Republican lawmakers worried they would have to spend much of the 2022 campaign season responding to its revelations about Trump’s behavior while trying to avoid his wrath, when their hope was to make the year about Biden and the Democrats. And there was real concern that the Democrats would wield the commission’s subpoena power to embarrass Trump and key Republicans. The fifty-four-to-thirty-five final tally in the Senate was six votes shy of the sixty needed to avoid a procedural filibuster. The GOP opposition to the measure was not moved by emotional appeals from Republican senator Susan Collins of Maine or from the family of Brian Sicknick, the Capitol police officer who had suffered two strokes and died a day after he confronted rioters at the insurrection.
“Why would they not want to get to the bottom of such horrific violence?” said Sandra Garza, the late officer’s partner. “It just boggles my mind.”
The defeat of the commission underscored just how much had changed since the early morning hours of January 7, when even some of Trump’s closest allies had stood in the Capitol and repudiated him for causing the violence that had touched them all. Slowly but steadily in the weeks after the insurrection, it was proven that Trump retained his power over the GOP and still planned to wield it over his party to protect his own interests.
In the end, a few Republican senators did vote for the commission: Bill Cassidy (Louisiana), Lisa Murkowski (Alaska), Rob Portman (Ohio), Mitt Romney (Utah), Ben Sasse (Nebraska), and Susan Collins. They were the usual small group of GOP senators who were willing to defy the ex-president, and they were all used to being on the receiving end of Trump’s ire. McConnell was willing to let the vote go, and he told aides he didn’t see any advantage in punishing the apostates.
The same did not hold true in the House.
Nancy Pelosi wasn’t going to wait any longer.
For months, she had signaled that her preference was a bipartisan, bicameral investigation into the Capitol riots, with Democrats and Republicans from both chambers of Congress working together as they did after the September 11 terror attacks. But after that commission died in the Senate, she vowed to move forward alone.
“January 6 was a day of darkness for our country,” Pelosi said in late June. “Our temple of democracy was attacked by insurrectionists.”
She launched a select bipartisan House committee, which was charged with investigating the root causes of the attack, including white supremacist and extremist groups, as well as Capitol security failures.

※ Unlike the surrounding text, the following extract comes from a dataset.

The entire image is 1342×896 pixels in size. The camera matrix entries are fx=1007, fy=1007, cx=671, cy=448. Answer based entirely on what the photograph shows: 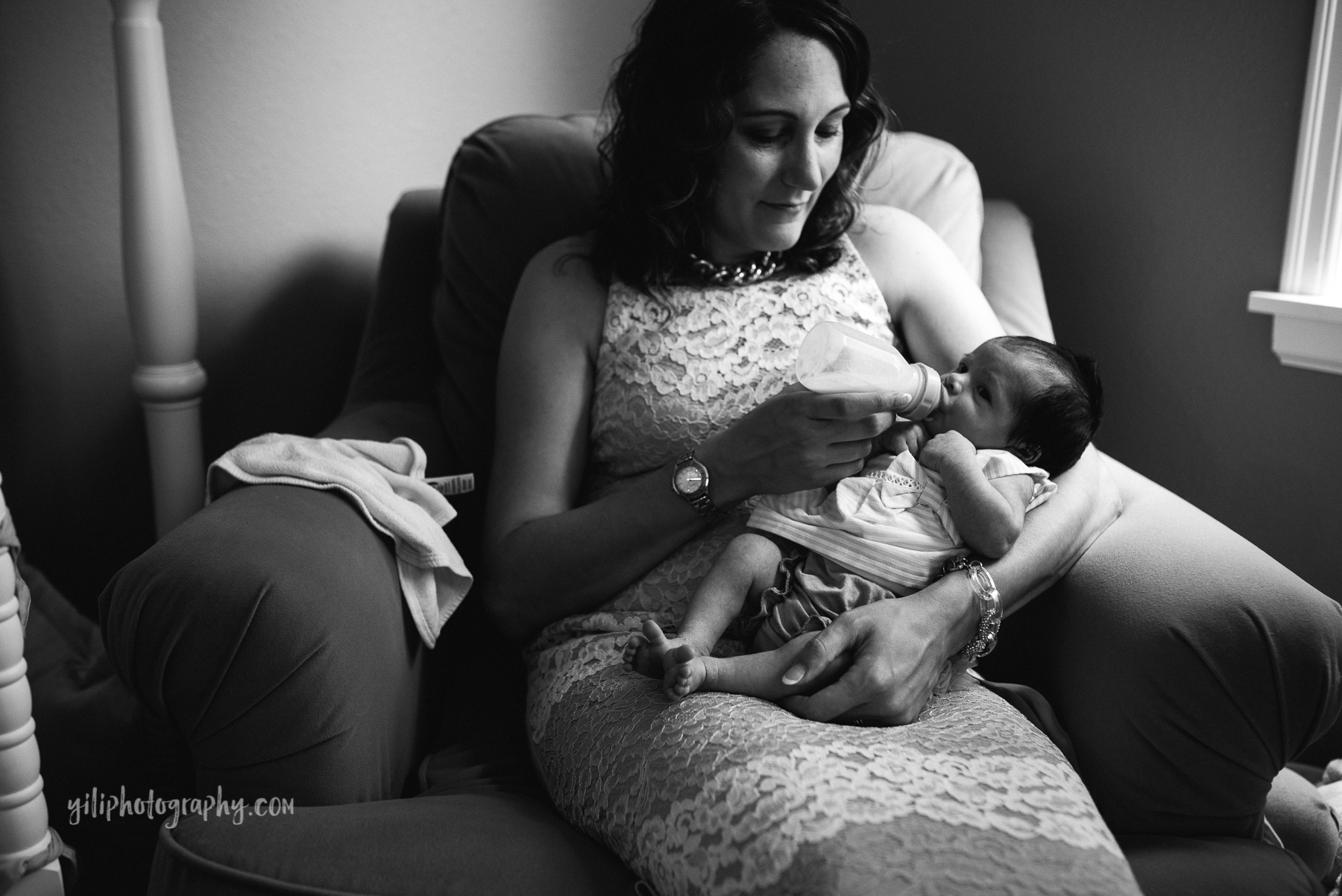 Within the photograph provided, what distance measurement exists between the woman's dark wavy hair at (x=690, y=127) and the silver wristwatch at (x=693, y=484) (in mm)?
263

Pelosi said that she hoped McCarthy would name “responsible” Republicans to be part of this effort, though Democrats quietly fretted that the GOP leader might name right-wing bomb throwers to submarine the commission from within.
McCarthy did just that. Of his five picks to the panel, three had objected to the certification of the 2020 election. One of them, Jim Jordan, was perhaps Trump’s fiercest ally in the House. Another, Jim Banks of Indiana, was McCarthy’s choice to lead the GOP representation on the panel. Pelosi rejected them out of hand, a rare move to deny the minority party’s choices for a committee.
“The unprecedented nature of January 6 demands this unprecedented decision,” she said.
Consulting with Trump, who had pushed for Jordan to be included, McCarthy declared that Pelosi had abused her power and “broken this institution.” And then he pulled all his picks, seemingly leaving the committee without any Republican representation and denying the legitimacy of its claim to be bipartisan and impartial. McCarthy believed he had sabotaged it.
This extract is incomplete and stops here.